:: Exercise goal ::
Apart from pictures, transcribe exactly each line from the one containing "BMW X5 3.0 M50d" through the final line of the listing below.

:: Data shown ::
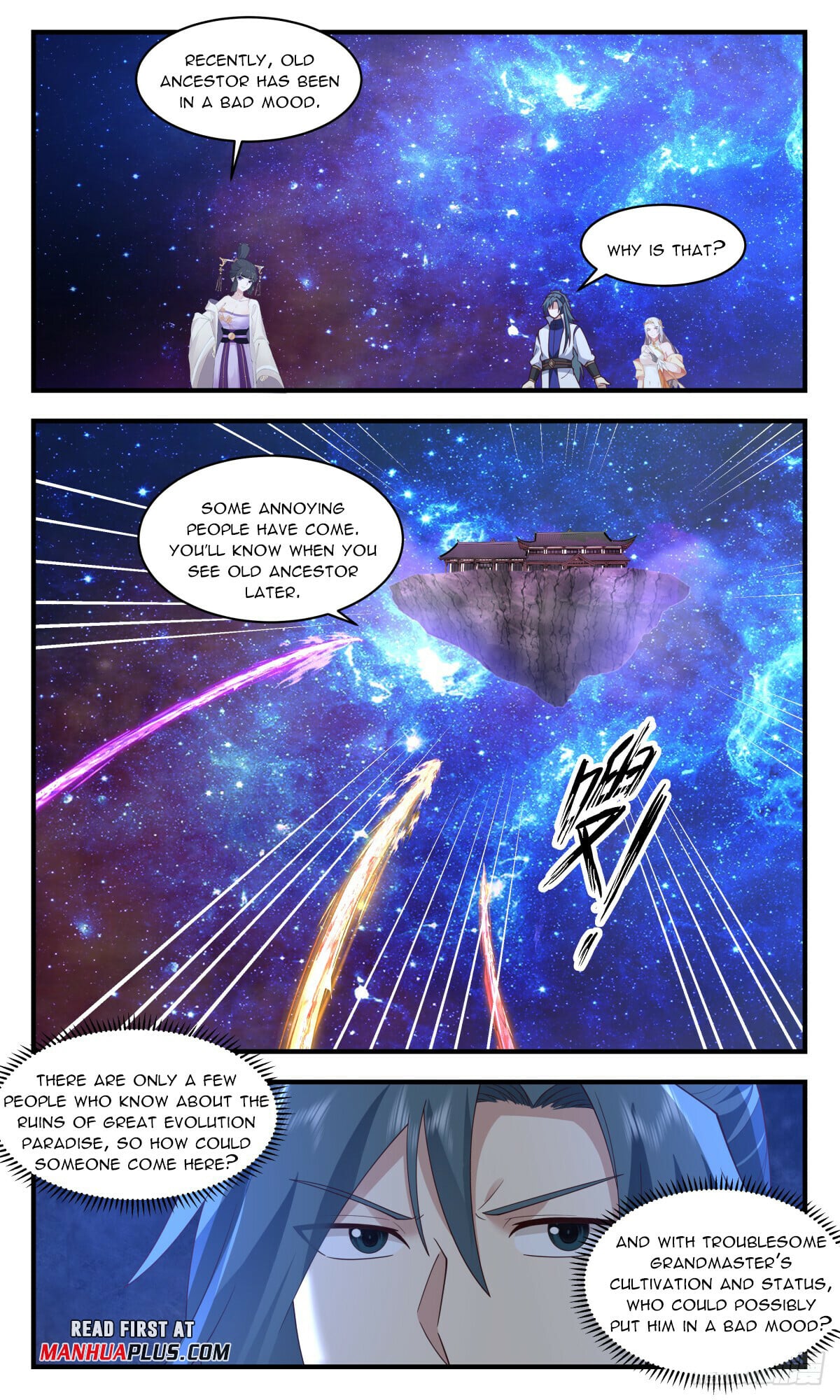 Martial Peak - chapter-2928 - Page 11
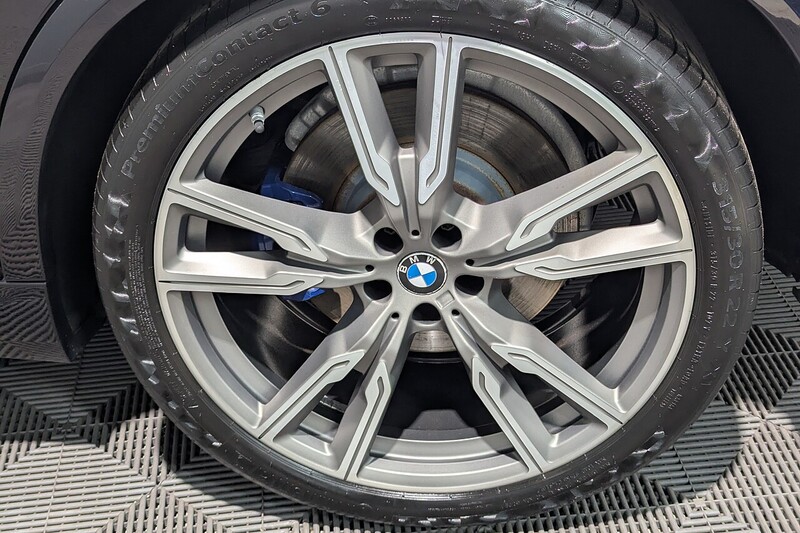 BMW X5 3.0 M50d SUV 5dr Diesel Auto xDrive Euro 6 (s/s) (400 ps) - U127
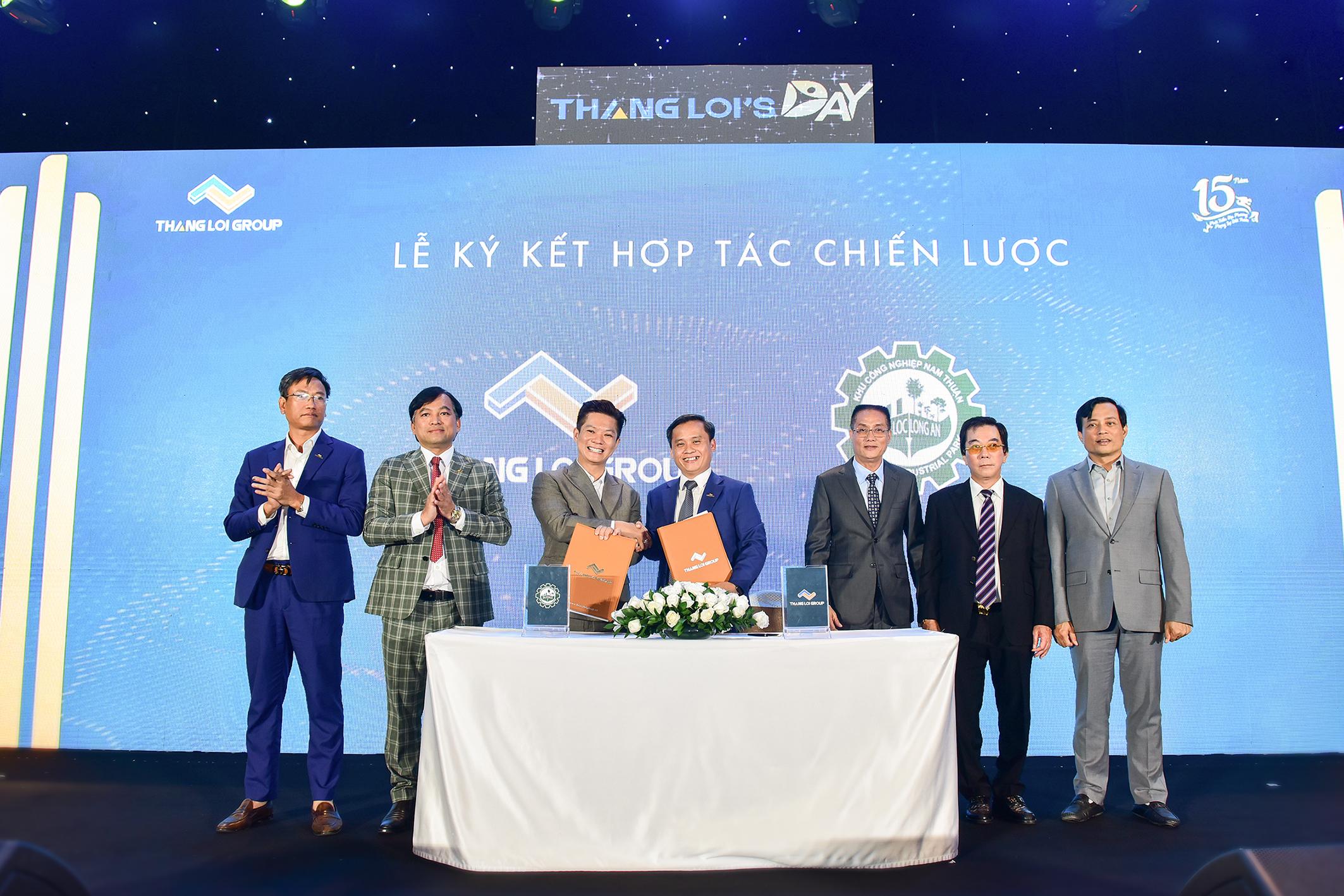 liên doanh chủ đầu tư The Win City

:: Response to this exercise ::
 BMW X5 3.0 M50d SUV 5dr Diesel Auto xDrive Euro 6 (s/s) (400 ps) - U127
 liên doanh chủ đầu tư The Win City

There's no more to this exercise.